A Delhi court today deferred the pronouncement of its order on a plea by an advocate opposing CBI's move to withdraw the two-decade-old Bofors pay-off case against Italian businessman Ottavio Quattrocchi.
Chief Metropolitan Magistrate Kaveri Baweja posted the matter for further proceedings on August 7 in view of the case records lying with the Supreme Court.
Additional Solicitor General P P Malhotra, appearing for CBI, submitted before the court that the probe agency has filed an application in the apex court seeking its direction to send back the case records to the trial court.The CBI application is likely to come up for hearing in the Supreme Court on July 13, he said.
Advocate Ajay Agrawal, who filed an application before the court opposing CBI's decision to withdraw the case against 70-year-old Quattrocchi, contended that the original records relating to the case were sent to the Supreme Court in a separate matter in which a few accused were discharged by the Delhi High court.
"The CBI is acting in collusion with the accused and was unnecessarily hurrying up to withdraw the case against Quattrocchi, even though the matter with regard to other accused is already pending before the Supreme Court," he alleged.
After hearing the submissions of Agrawal and the CBI, the court adjourned the matter.

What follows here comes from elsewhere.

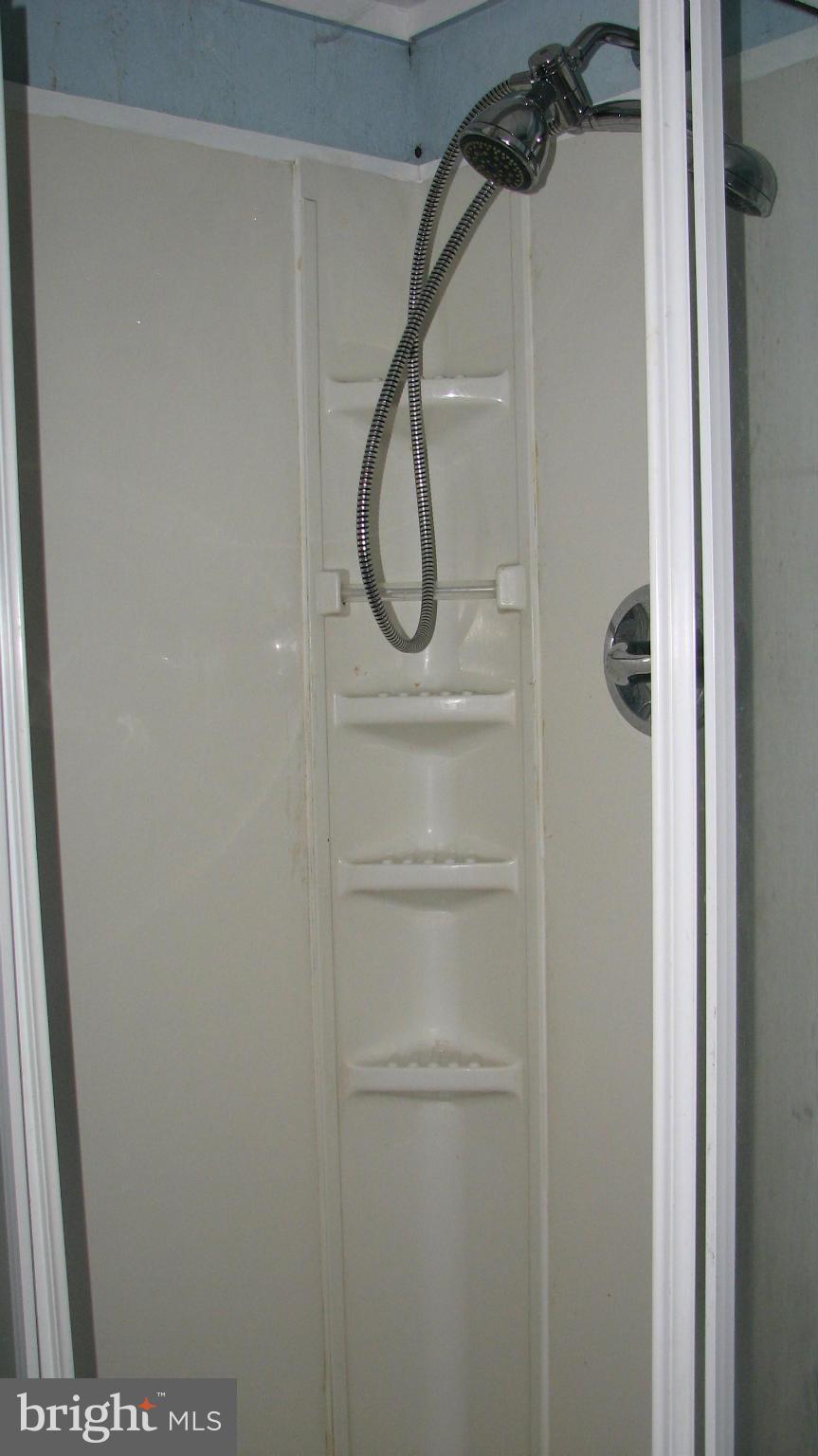 29 Walnut Street Middletown, MD 21769 - Photo 15 of 30 Bath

The court had also on May 15, deferred its order.
"Apart from the fact that there is sufficient material and grounds against Quattrocchi for his prosecution, the conduct of the CBI and its counsel who happens to be top law officers of the country is highly deplorable and depicts an apparent and active collusion with the accused," Agrawal had alleged in his affidavit seeking rejection of CBI's plea.

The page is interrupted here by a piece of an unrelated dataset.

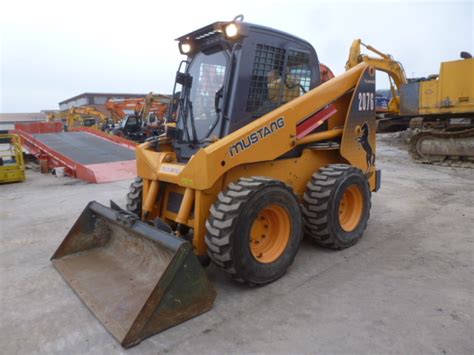 Mustang 2076 skid steer loader: Specifications and technical data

He had claimed that CBI had not filed the appeal against the Delhi High Court judgement discharging some accused in the case.

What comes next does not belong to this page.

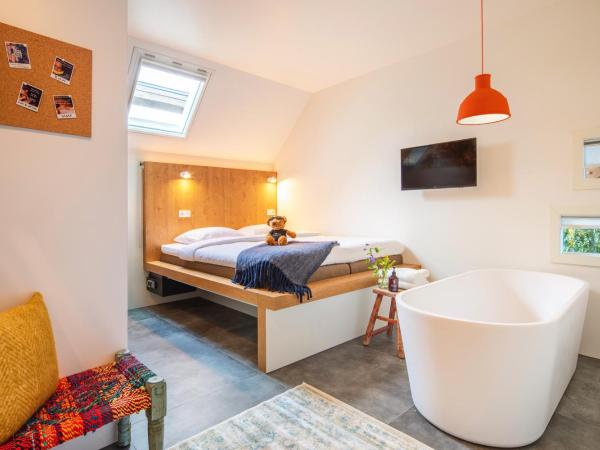 Bunk Hotel Amsterdam : photo 1 de la chambre chambre superposée super Épique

Quattrocchi, the sole surviving accused in the case after the Delhi High Court quashed the charges on May 31, 2005, against other accused, has never appeared before any court in the country.
CBI had failed on two occasions in its attempt to get Quattrocchi extradited -- first from Malaysia in 2003 and then from Argentina in 2007.
In November last year, the agency had asked the Interpol to take Quattrocchi's name off the Red Corner notice list.